St. Louis, Missouri police officers shot and killed a 23-year-old man Tuesday afternoon. The killing occurred only four miles east of Ferguson, where the police murder of unarmed 18-year-old Michael Brown has sparked popular protests and an orchestrated state crackdown that has placed parts of the city under effective martial law.

Police were called to the corner of Riverview Boulevard and McLaren Avenue after an African-American man allegedly took two energy drinks and some pastries from a corner store. Police Chief Sam Dotson claimed that the young man, who was acting erratically and talking to himself, approached two officers with a knife, and that two officers responded by firing multiple times.

A crowd of several hundred people gathered within an hour of the killing, chanting the slogan of the Ferguson protests, “Hand’s Up, Don’t Shoot.” Residents said that the man was mentally handicapped, and that he had just returned from his mother’s funeral. Witnesses said that as he approached the officers, he was yelling, “Shoot me, kill me now.”

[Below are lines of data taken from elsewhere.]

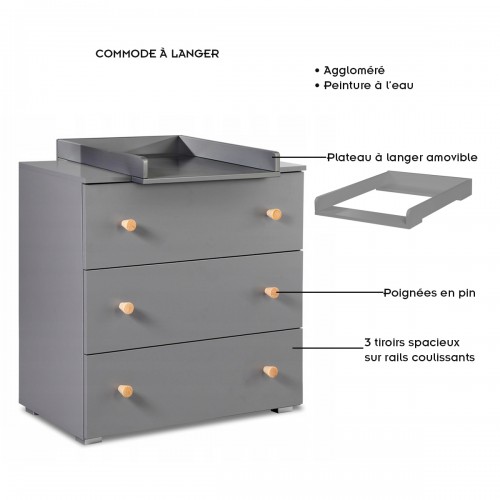 PAULINE Commode à langer avec plateau amovible 2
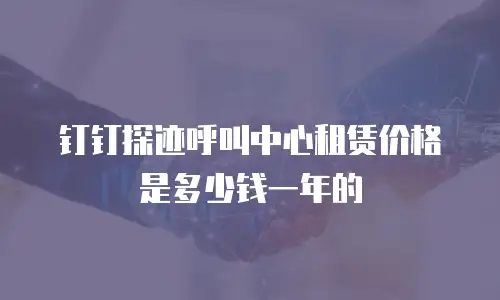 钉钉探迹呼叫中心租赁价格是多少钱一年的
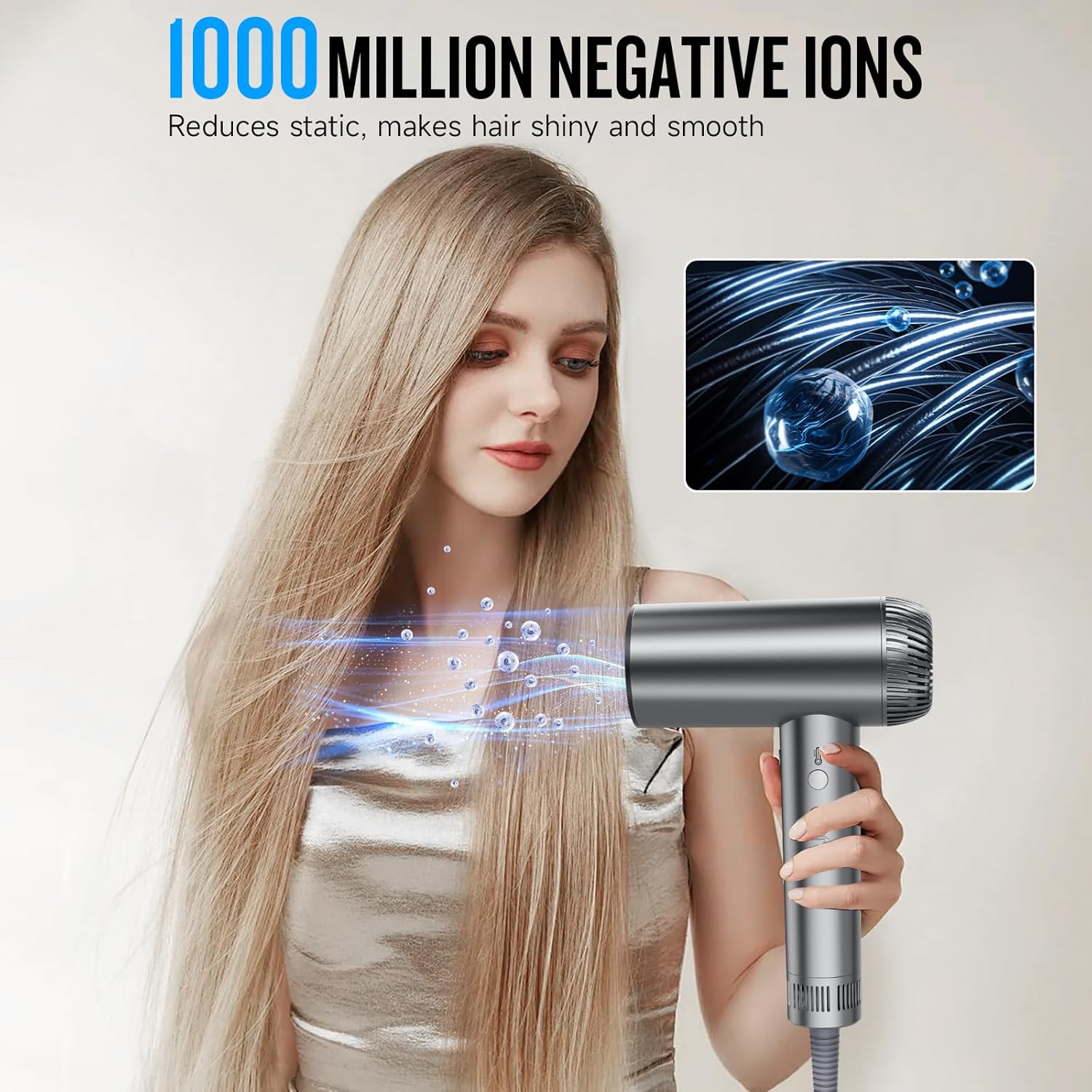 2025 Silver 200000 RPM High Speed Ionic Hair Dryer Brushless Motor with Diffuser for Women Curly Hair Dog Salon Travel - Image 4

St. Louis Police Chief Sam Dotson dismissed questions as to why police did not use non-lethal force, saying simply, “Officers have a reasonable expectation to go home at the end of their shift.”

The latest killing comes as the police repression against protesters is intensifying in Ferguson. Parts of the city have been placed under police rule. Residents have been arrested for standing still on the side walk or not moving fast enough when crossing the street. Missouri Governor Jay Nixon has declared a “state of emergency” and called out the National Guard.

Despite the nominal lifting of a midnight curfew, anyone who is out past dark will be subject to arrest. Police have set up a designated “approved assembly zone” on the lot of a former Ford dealership, while media have been cordoned off in another area.

During the day Tuesday, police only allowed people to protest on Florissant Avenue if they did not gather in large groups, did not stand in one place, and remained on the sidewalk. Those without media credentials who stood in one place were threatened with arrest by a large contingent of heavily-armed police in riot gear menacingly stationed at one end of the street.

Missouri State Highway Patrol Captain Ron Johnson warned Ferguson residents to stay in their homes Tuesday night, with anyone out past dark and not in approved zones considered a part of the supposed criminal element. “My hope is the peaceful protesters will stay home and protest during the daytime and stay home at night and let us take those that have been out ruining our community and deal with them in a way that brings calm to this community.”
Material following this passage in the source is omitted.